Follow trade forums and Q&A type websites – there’s every likelihood that this is exactly the place where users from your target group ask their questions. It’s also probable that they enter their questions into the search engine so it’s worth using Google Keyword Planner and checking what keywords it suggests.
You may also monitor the net for trade keywords. Google Alerts will automatically inform you as soon as it finds new content that includes them.

Competition

They must have also come up with the idea of blogging or they will do that soon. In this case it’s not so much about being inspired by the content they publish as about referring to it.

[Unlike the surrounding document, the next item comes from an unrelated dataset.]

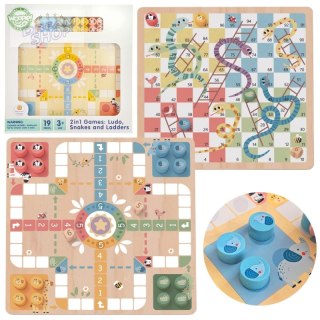 WOOPIE GREEN Gry Planszowe Logiczne 2w1 Ludo Chińczyk + Uwolnij Zwierzątka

A complement to an article, polemic or another point of view.

Readers

If your blog already has a group of loyal readers, who are active and comment on your posts, you can easily ask them what they would like to read about.

Please also consider guest blogging that I wrote about recently in the post “12 ways to attract users to your website” (point 6).

Motivation

For a blogger (be it you or your subordinate) to be motivated it’s good if they are aware that the published content builds not only the company image but also the author’s image.
An author of a good blog receives invitations to trade events, job offers, enquiries about consulting. In the recruitment process an expert image is taken into account and may have a significant influence not only on its result but also on the remuneration amount.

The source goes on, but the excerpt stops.